Mazzetti’s Vernon notes that time will continue to present an obstacle in addressing climate change for the industry. Acting quickly could bring unexpected issues; but when managed well these risks can be overcome and eventually lead to improved performance over time. To reach better solutions requires courage and dedication for greater good.
Anne DiNardo is the Executive Editor of Healthcare Design. To reach her, email anne.dinardo@emeralddx.com.
2023 HCD Conference Session Spotlight: New Tools and Strategies for Decarbonization
At this year’s Healthcare Design Conference in New Orleans from November 4-7th, several educational sessions will address decarbonization within healthcare projects as well as available tools and strategies that may assist them with meeting emission-reduction goals.
Here is a glimpse of what lies on the agenda at HCD Conference 2016. For a full schedule and lineup, please visit: hcdconference.com
E45: Decarbonization Guidebook for Healthcare–Tell Me More! Speakers included Austin Barolin, Senior Energy Analyst from Mazzetti; Troy Savage, Director of Strategic Projects & Innovation from Mazzetti and Geoff Glass Director of Facility & Technology Services from Providence Healthcare.
Healthcare industries contribute a substantial percentage of carbon emissions both domestically and internationally, fuelling an already-existing fire.
Speakers will present a new guidebook for decarbonization of hospitals.
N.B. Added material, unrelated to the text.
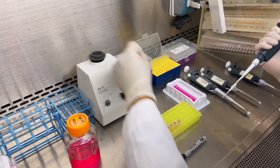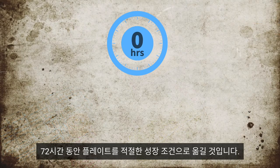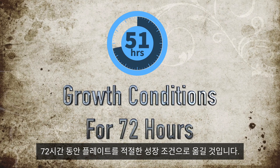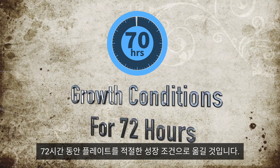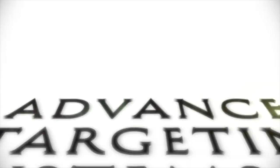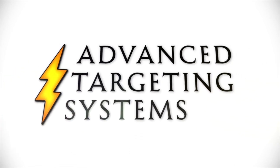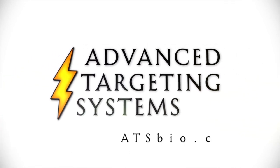Transfer the plate into the appropriate growth conditions for 72 hours.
This tool aims to assist hospital owners, operators, designers, architects, engineers and regulators understand the advantages of employing advanced technologies and designs that use less natural gas while decreasing greenhouse gas emissions, healthcare costs and providing benefits for investor-owned utility rate payers.
E55: Attaining Net Zero Energy Consumption and Flexible Resilience at Massachusetts General Hospital
Speakers included Peter Alspach, Director of Design Performance for NBBJ; Paul D. Biddinger, Chief Preparedness and Continuity Officer from MassGeneral Brigham; Andy Martino, Licensed Professional Electrical Engineer Director of Facilities Engineering Massachusetts General Hospital as well as Jacob Knowles Principal/Director of Sustainable Design at BR+A Consulting Engineers as speakers.
With an eye on achieving net zero carbon emission targets and greater climate resiliency, healthcare facilities must perform at unprecedented levels to remain viable in an increasingly unstable global climate.
Cambridge Street Project, situated near Beacon Hill on Massachusetts General Hospital campus with over two centuries-old foundation, demands sensitive consideration of neighborhood context while meeting Boston’s goal of 65 percent carbon emissions reduction by 2050. Our experts on this panel will share this case study and explore its implementation process towards carbon neutrality on this complex project.
E65: We Have Designed the First All Electric Hospital in the US–Want to See How? ordinaire Speakers: Gary Hamilton, USA Director of Healthcare – Senior Vice President at WSP USA and Jonathan Hunley, System Director of Facilities Infrastructure of Bon Secours Mercy Health Network will share insights.
Decarbonization of healthcare sector operations is a pressing and pressing global challenge. Could electrification provide part of the solution? Ultimately, if more hospitals worldwide adopted more electrified energy use or switched entirely over to electric power sources it could create an unstoppable cycle that benefits everyone involved.
As electricity grids decarbonize, greater use of electricity in healthcare will play an increasingly significant role in reaching operational net zero outcomes. This presentation will cover all of the design considerations required to construct an all-electric hospital and demonstrate its cost benefits relative to hybrid hospitals currently in operation.